How quiet scenes help make ‘The Great Escape’ so thrilling

By Ray Bennett
John Sturges’s terrific prisoner-of-war adventure ‘The Great Escape’ is an annual treat around this time of year and remained great entertainment when I watched it on BBC-TV for the enth time. Elmer Bernstein’s splendid score was the first film soundtrack recording I ever bought and it is still thrilling. For me, too,  some of the best scenes, which actually enhance the drama and chase sequences, are quiet ones between James Garner, as Hendley, the scrounger, and British actor Donald Pleasance playing forger Blythe, who loses his sight.

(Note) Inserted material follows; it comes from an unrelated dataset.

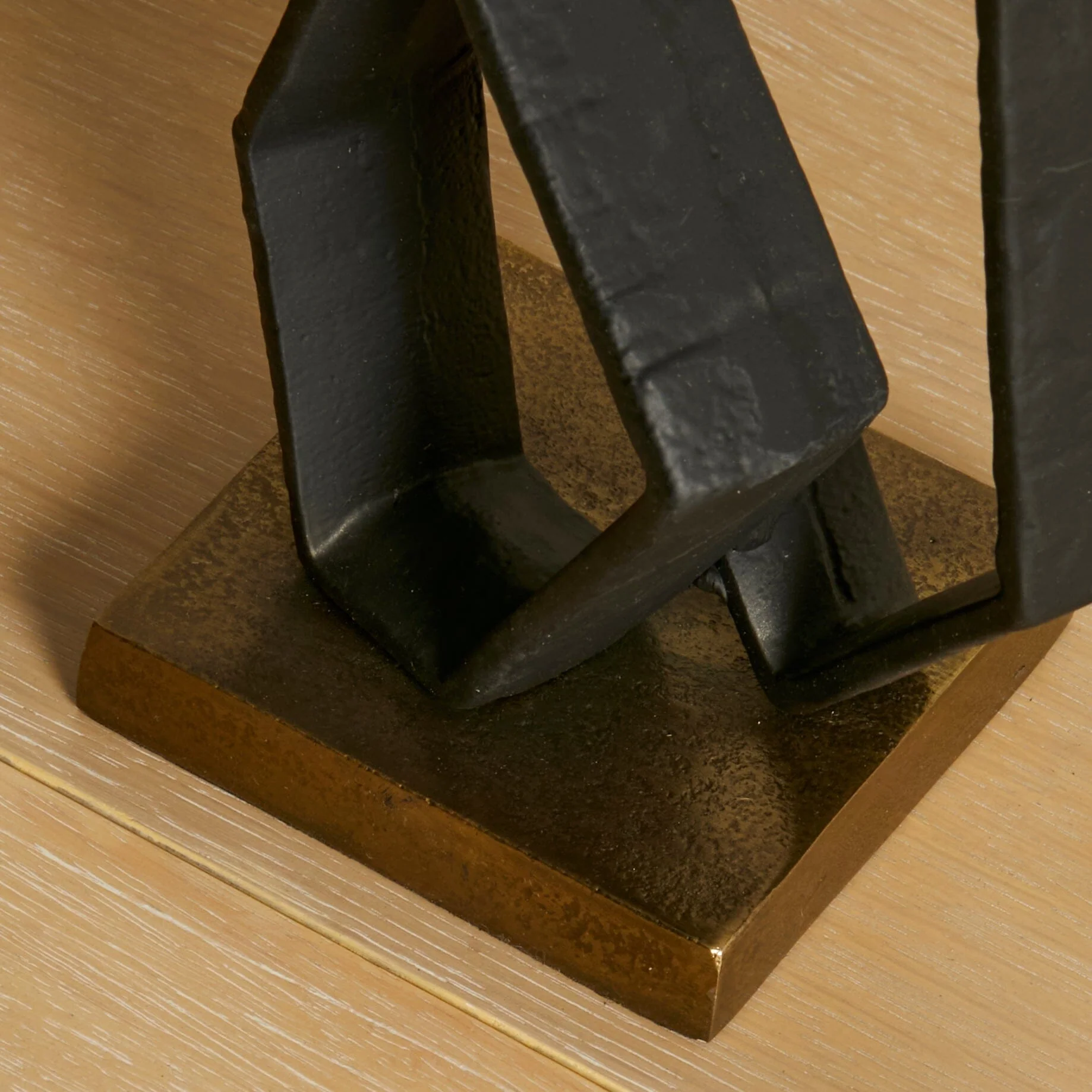 Outlet - Harbridge Metal Abstract Ornament Black - 22cm - Image 4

There appears to be genuine chemistry between the two actors and when I interviewed Garner in the Seventies, he agreed. ‘I felt so,’ he said. ‘I loved it! I just think Donald is so marvellous and it was a good relationship. We got to do some things on our own in there.’

Garner lauded director Sturges for being very accommodating. ‘He was very good about that,’ he said. ‘As long as we stuck to the point of it, we could change a little dialogue. I wrote about three scenes in the picture. They were small character things, you know, like the stealing of the equipment they needed for the forgeries.’

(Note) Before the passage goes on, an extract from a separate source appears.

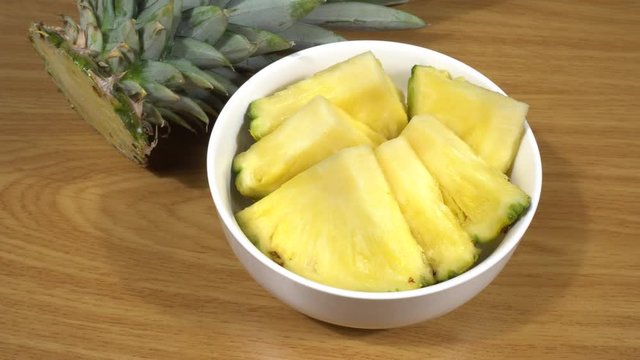 Pi&ntilde;a cortada en trozos en un bol de cer&aacute;mica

A poignant sequence in the film is when Hendley suspects and then sees that Blythe is going blind. ‘I really loved working with Donald,’ Garner told me. ‘As a matter of fact, John apologised profusely to me because there were two scenes that you never saw that were really absolutely wonderful. Donald was fantastic and they were beautifully shot and everything but they were left on the cutting-room floor so we could get Steve McQueen on his motorcycle.’

Garner was pragmatic about what made the film so exciting. ‘That turned out to be, I guess, the right thing to do,’ he said, ‘but it would have been better for Donald and me to keep those scenes. You have to look at the picture as a whole and it was the right thing to do: get McQueen on that bike.’